In the United States lightning kills 300 people and injures 80 on average, each year. All thunderstorms produce lightning and all have the potential for danger. Those dangers can include tornadoes, strong winds, hail, wildfires and flash flooding, which is responsible for more fatalities than any other thunderstorm-related hazard.
Lightning's risk to individuals and property is increased because of its unpredictability. It often strikes outside of heavy rain and may occur as far as 10 miles away from any rainfall. Most lightning deaths and injuries occur when people are caught outdoors in the summer months during the afternoon and evening.
Preparing for a Thunderstorm and Lightning
- Familiarize yourself with the terms that are used to identify a thunderstorm hazard, including understanding the difference between a severe thunderstorm watch and a severe thunderstorm warning.
- A thunder storm watch means there is a possibility of a thunderstorm in your area.
- A thunder storm warning means a thunderstorm is occurring or will likely occur soon. If you are advised to take shelter so immediately.
- Get an emergency supply kit.
- Remove dead or rotting trees and branches that could fall and cause injury or damage during a severe thunderstorm.
- Use the 30/30 lightning safety rule. If you see lightning and you cannot count to 30 before hearing thunder, go indoors. Then stay indoors for 30 minutes after hearing the last clap of thunder.
- Visit NOAA Watch for more weather-related information.
Have a Thunderstorm Plan
- If a thunderstorm is likely in your area, postpone outdoor activities.
- Secure outdoor objects that could blow away or cause damage.
- Shutter windows and secure outside doors. If shutters are not available, close window blinds, shades, or curtains.
- Avoid showering or bathing during a thunderstorm. Plumbing and bathroom fixtures can conduct electricity.
- Watch for darkening skies, lightning, increasing winds.

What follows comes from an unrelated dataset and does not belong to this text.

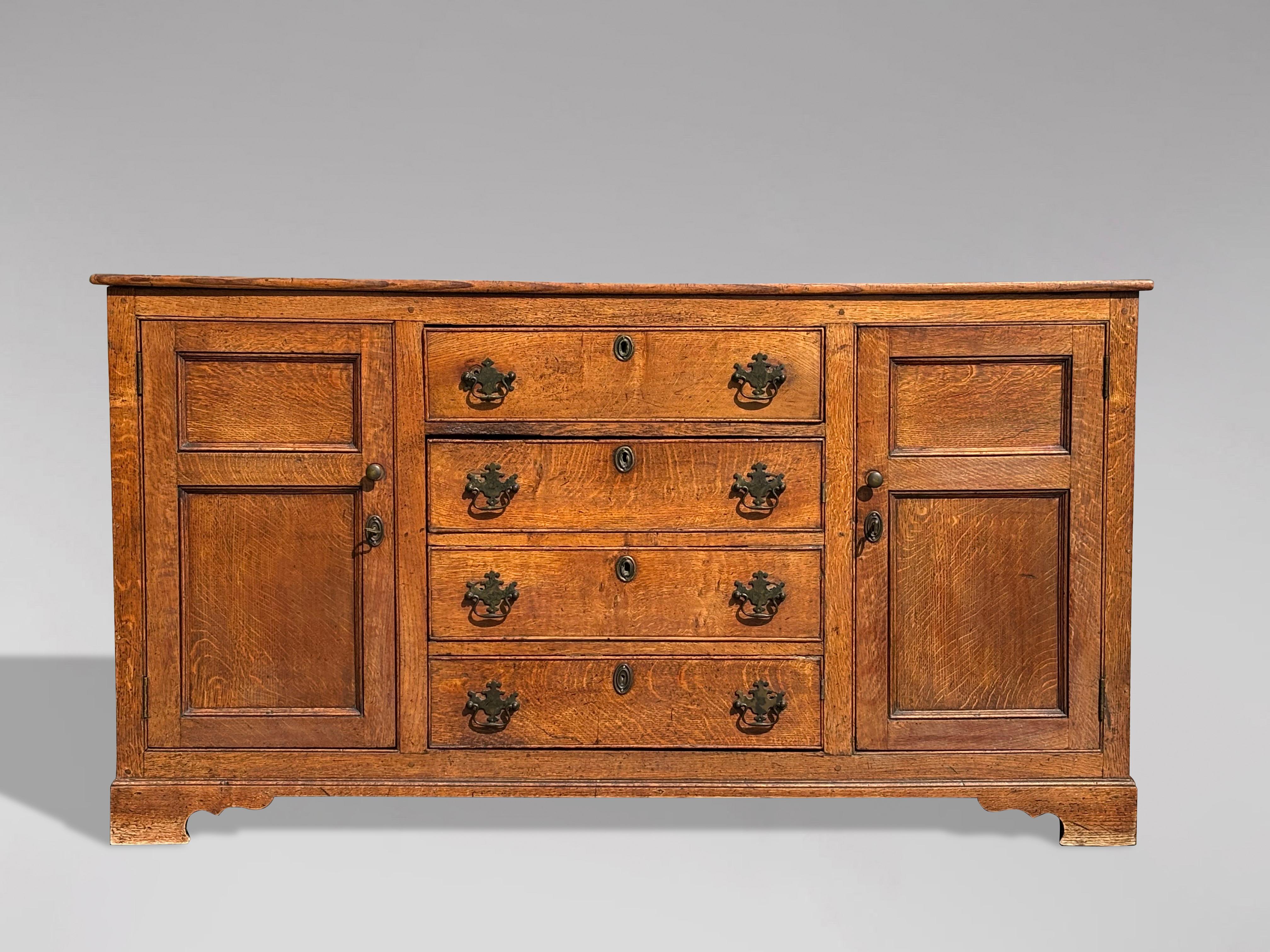 Questa base per comò in rovere massello georgiano dell'inizio del XIX secolo è uno splendido esempio di artigianato tardo-georgiano, che combina design pratico e fascino estetico, ed è un'aggiunta superba a qualsiasi casa.
La base del comò si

- Listen to NOAA Weather Radio for information.
- Go quickly inside a home, building, or hard top automobile, if possible.
- If shelter is not available go to the lowest area nearby and make yourself the smallest target possible but do not lie flat on the ground.
- If on open water, get to land and shelter immediately.
- Things to avoid include:
- Tall, isolated tree in an open area.
- Hilltops, open fields, the beach, a boat on the water, isolated sheds or other small structures in open areas.
- Anything metal—tractors, farm equipment, motorcycles, golf carts, golf clubs, and bicycles
- Local authorities may not immediately be able to provide information on what is happening and what you should do. However, you should listen to your battery operated or hand crank NOAA Weather Radio, watch TV, listen to the radio or check the Internet often for official news and instructions as they become available.
- Do not use electrical items such as computers or television sets as power surges from lightning can cause serious damage.